One of my first memories as a child is my mom’s bedtime stories. She would either read a beloved fairytale to me or turn off the light, hug, me and narrate short stories she knew by heart. The darkness helped my fantastic worlds unfold, and all the characters came to life to amuse me.
Growing up, we had no TV at home. We had one, but it was never on. I remember one time my dad tried to watch something, and the TV exploded. No one was sad, as if it was an evil object that got what it deserved. Apart from my mom’s voice, I had a big collection of stories recorded on tape and vinyl. I would often sit comfortably and listen to all kinds of tales, myths, and inspiring short stories with moral lessons for hours.
In my teenage years, I realized that my dad wrote poetry. I am not sure if he started then or if that was the time I found out about it. His poems were quite spicy, I would say. But they were written so elaborately and with such great sense of humor. There was nothing vulgar in them at all. Nevertheless, they weren’t for the youngest audience, and now that I look back in time, I think that’s why I found out later. My dad had a muse! It was a friend who lived in Paris, the one who encouraged him to write and the one who received a letter every time he had a new poem ready.

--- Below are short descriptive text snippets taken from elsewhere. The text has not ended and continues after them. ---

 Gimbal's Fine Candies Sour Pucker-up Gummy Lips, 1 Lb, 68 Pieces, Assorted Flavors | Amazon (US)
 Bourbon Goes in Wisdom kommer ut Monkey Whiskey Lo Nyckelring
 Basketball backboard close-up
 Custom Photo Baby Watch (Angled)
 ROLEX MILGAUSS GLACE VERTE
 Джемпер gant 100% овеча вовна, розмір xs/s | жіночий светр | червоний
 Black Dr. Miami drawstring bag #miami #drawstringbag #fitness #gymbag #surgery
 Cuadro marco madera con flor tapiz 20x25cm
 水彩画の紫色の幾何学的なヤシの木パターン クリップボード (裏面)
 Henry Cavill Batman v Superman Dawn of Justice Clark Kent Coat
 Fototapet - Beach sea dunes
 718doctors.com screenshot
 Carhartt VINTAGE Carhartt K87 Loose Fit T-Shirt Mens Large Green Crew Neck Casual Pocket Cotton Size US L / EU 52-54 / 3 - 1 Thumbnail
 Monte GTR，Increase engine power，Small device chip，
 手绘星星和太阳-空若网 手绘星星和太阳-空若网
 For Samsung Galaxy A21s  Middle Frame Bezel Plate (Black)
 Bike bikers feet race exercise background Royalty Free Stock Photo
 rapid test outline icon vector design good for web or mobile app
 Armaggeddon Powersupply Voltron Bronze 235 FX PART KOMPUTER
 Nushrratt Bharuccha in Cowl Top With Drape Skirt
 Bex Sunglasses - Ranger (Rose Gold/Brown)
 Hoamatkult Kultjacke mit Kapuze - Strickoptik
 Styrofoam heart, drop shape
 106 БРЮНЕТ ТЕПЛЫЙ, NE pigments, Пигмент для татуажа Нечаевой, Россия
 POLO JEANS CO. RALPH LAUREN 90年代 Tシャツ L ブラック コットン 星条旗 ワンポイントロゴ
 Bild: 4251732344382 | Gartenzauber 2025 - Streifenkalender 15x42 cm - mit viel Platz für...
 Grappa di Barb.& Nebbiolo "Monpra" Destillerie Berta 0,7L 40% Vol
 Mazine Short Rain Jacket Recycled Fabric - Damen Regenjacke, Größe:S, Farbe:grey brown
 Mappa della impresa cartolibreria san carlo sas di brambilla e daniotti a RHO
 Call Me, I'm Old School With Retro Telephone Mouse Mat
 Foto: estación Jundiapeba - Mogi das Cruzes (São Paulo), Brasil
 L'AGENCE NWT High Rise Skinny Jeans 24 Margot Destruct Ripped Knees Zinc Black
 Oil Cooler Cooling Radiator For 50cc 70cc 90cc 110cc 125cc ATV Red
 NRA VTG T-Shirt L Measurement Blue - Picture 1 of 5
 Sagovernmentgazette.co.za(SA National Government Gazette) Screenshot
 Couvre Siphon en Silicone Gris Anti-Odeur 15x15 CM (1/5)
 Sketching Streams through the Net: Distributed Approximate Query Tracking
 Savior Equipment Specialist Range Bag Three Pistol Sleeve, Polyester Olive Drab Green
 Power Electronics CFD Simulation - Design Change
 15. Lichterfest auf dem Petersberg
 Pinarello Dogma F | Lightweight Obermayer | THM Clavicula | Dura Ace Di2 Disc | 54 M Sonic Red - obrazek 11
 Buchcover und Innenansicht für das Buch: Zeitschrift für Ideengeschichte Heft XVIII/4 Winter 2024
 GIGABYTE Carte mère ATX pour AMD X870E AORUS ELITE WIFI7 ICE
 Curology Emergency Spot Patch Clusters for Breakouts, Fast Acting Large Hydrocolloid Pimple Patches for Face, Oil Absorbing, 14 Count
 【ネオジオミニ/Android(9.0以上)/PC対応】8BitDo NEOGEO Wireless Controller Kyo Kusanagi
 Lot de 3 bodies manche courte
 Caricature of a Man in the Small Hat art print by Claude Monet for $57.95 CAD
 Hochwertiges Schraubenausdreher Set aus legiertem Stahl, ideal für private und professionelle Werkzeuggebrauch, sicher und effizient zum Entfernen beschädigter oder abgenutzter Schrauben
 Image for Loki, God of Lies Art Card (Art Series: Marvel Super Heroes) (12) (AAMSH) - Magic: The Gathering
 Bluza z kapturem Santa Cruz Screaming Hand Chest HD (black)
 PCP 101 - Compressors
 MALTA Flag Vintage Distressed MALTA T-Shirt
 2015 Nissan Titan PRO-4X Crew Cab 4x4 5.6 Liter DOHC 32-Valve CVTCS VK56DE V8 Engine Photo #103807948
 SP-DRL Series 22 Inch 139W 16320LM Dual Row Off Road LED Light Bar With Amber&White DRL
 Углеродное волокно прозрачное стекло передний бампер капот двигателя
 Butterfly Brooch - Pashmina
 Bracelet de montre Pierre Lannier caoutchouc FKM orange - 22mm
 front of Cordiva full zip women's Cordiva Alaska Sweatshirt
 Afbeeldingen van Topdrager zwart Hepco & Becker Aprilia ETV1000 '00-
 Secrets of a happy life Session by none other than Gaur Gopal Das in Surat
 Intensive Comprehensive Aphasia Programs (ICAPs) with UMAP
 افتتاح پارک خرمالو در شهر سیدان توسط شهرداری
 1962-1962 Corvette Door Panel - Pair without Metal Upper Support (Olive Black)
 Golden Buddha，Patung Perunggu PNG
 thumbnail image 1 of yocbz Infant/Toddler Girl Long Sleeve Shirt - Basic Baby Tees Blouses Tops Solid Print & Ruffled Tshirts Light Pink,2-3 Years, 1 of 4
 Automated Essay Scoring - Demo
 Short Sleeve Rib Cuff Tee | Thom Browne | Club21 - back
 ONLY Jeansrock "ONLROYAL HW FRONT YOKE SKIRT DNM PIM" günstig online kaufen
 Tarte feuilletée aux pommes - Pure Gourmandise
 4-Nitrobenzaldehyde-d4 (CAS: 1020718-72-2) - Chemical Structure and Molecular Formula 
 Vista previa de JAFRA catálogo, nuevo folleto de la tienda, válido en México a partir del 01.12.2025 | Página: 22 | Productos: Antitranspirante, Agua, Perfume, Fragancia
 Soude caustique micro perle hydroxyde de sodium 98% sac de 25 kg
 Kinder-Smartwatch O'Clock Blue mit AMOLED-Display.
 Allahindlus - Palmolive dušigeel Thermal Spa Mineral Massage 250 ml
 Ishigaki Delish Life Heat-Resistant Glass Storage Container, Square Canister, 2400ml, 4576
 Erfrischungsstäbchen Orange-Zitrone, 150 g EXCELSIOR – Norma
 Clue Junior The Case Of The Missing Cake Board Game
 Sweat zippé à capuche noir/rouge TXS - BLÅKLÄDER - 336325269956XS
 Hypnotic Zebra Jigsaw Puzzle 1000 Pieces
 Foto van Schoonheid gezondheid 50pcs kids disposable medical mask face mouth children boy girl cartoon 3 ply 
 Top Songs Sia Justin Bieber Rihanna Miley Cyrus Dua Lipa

So, it was sometime in high school that I realized how much I enjoyed writing.
I blame my literature teacher for that! He gave me the greatest gift, a good foundation of grammar and world literature. Towards the end of my high school years, he and I did not have the best connection. I was too rebellious, and he wasn’t in a great place at that point in his life. Besides the friction that made our student-teacher relationship fall apart, I will always be grateful for the knowledge that he shared so generously!
I was 17 years old when my step-brother was born. It was my turn to become a storyteller. Back then, we lived apart, but every time we got together, we would cuddle in bed, and I would read his favorite fairytale to him.
It was a folklore story about a poor, old shepherd called Pablo, who lived on a small farm with his sheep, a duckling, and a kitten. He once saved a gecko from a wildfire that turned out to be the son of the gecko king. The king rewarded him with a magic gem that would fulfill the shepherd’s wishes. As in many fairy tales, he got greedy and wished for a castle made of marble. His neighbor Ivan came by, and Pablo told him all about the magic gem. When the old man fell asleep, Ivan stole the gem and the castle.
Pablo was unfortunate, so the kitten and the duckling decided to take a journey and bring back the magic stone. They walked and walked until they reached a river. The kitten jumped on the duckling’s back, and they swam to the opposite shore to reach the marble castle. They sneaked in when it got dark and found Ivan sleeping with the gem in his mouth. The kitten tickled his nose with its tail, and he sneezed it out.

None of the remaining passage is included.